A US court on Tuesday ordered Syed Ghulam Nabi Fai, the Kashmir lobbyist accused of being an ISI agent, to be released from jail but put him in house detention under round-the-clock electronic surveillance pending trial.
Fai will also sign a personal bond of $100,000 and will have no contacts with foreign government functionaries unless accompanied by his lawyers. He cannot leave the US. He will wear a GPS enabled bracelet around an ankle for tracking.
Fai and his supporters took this as proof of his innocence. That judge John Andersen the court disregarded prosecutor Gordon Kromberg's plea to keep Fai in jail, and set him free to go home, though with several restrictive conditions.The diminutive activist turned to his supporters in the courtroom with a triumphal wave and his wife burst out of the courtroom announcing a celebratory dinner for everyone. She is said to be of Chinese descent, but refused to give her name.
"I am very proud of him," she said.
Fai might be released on Wednesday, said his lawyer Nina Ginsberg.
Fai was arrested by FBI agents outside his home in Fairfax, Virginia on the morning of July 18. He is accused of acting as an agent of Pakistan's intelligence service, the ISI, and making false statements.
Kromberg said in court that immediately after his arrest, Fai had admitted to working with the ISI for the last 15 years and that his budgets were partially or wholly approved by the agency.
Fai ran a Washington-based non-profit organization called the Kashmiri American Council - better known as the Kashmir center - for decades using, said an FBI affidavit, money routed to him through the hawala network by the ISI.
"Fai has led a life of lies," said Kromberg in court while arguing for the accused to be kept in jail. His council board members didn't know he was taking money from the ISI and nor did US politicians lobbied by him.
The high-flying Kashmiri activist donated generously to the campaign of some US lawmakers, some of whom have since his arrest announced they were giving away a sum of money equal to the donations to charity.
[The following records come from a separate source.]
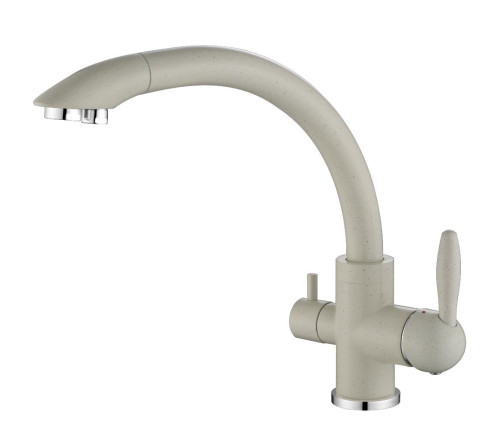 Paulmark Смеситель для кухни Essen, белый, две воды, Es213001-331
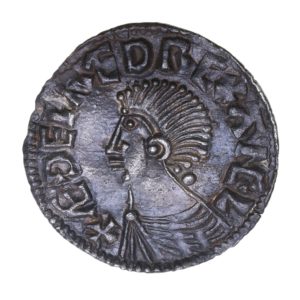 Aethelred II AD 978-1016 Silver Penny Colchester Long Cross type
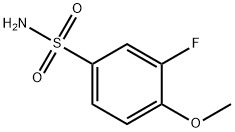 3-FLUORO-4-METHOXYBENZENESULFONAMIDE 구조식 이미지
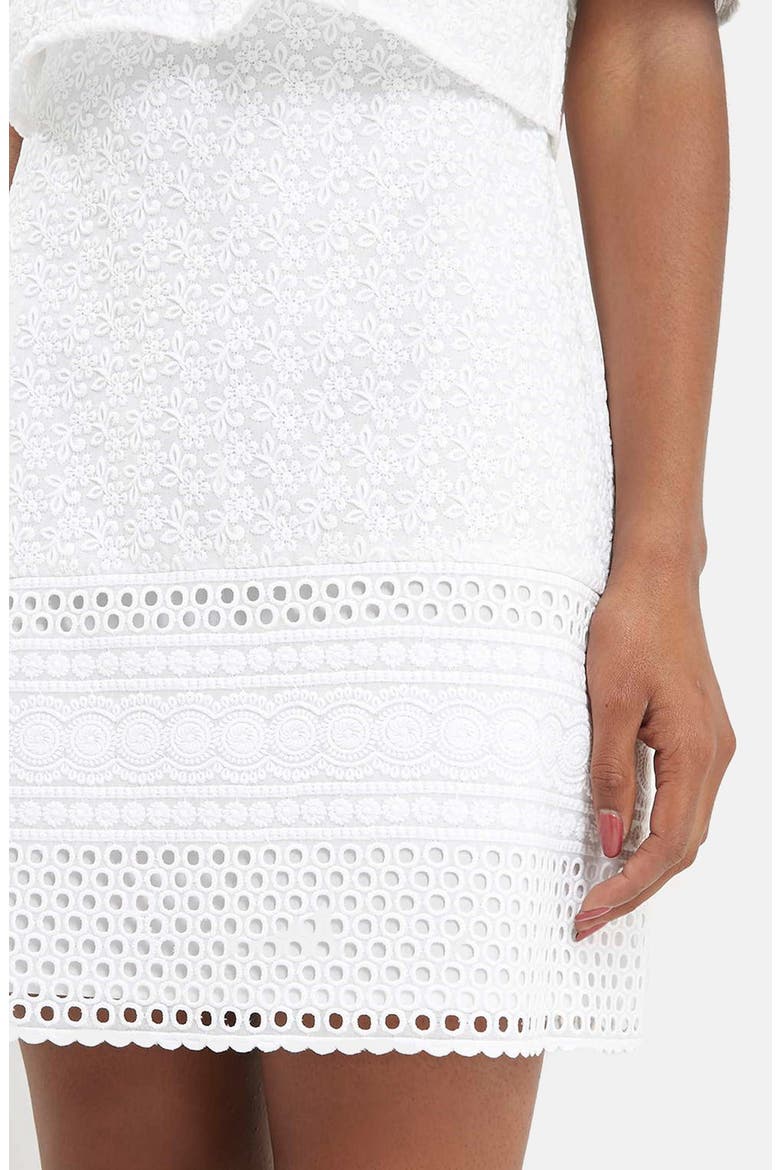 Embroidered Off the Shoulder Dress, Alternate, color, WHITE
Fai also invited Indian journalists and politicians to these conferences funded by his ISI supplied money to give his plainly partisan campaign a non-partisan look. And that fact was used by his defense team to argue for his release.
"He also called pro-India speakers and presented all sides of the argument," said Khurram Wahid, the second lawyer on Fai's defense team. He then went to on argue that his client didn't always take the ISI line put out to him.
Fai demanded self-determination in Kashmir whereas Pakistan staked a claim to Kashmir as a part of itself, said Wahid.
To this FBI special agent Sarah Linden said Pakistan politician are known to supported both stands and that the ISI had indeed put out the self-determination line too. And Fai ran with it, as instructed.
The point the defense team was making was this: even if Fai took money from the ISI as charged by the FBI he did not always do as instructed and therefore, he was not acting as an agent of Pakistan.
What next for Fai and the case?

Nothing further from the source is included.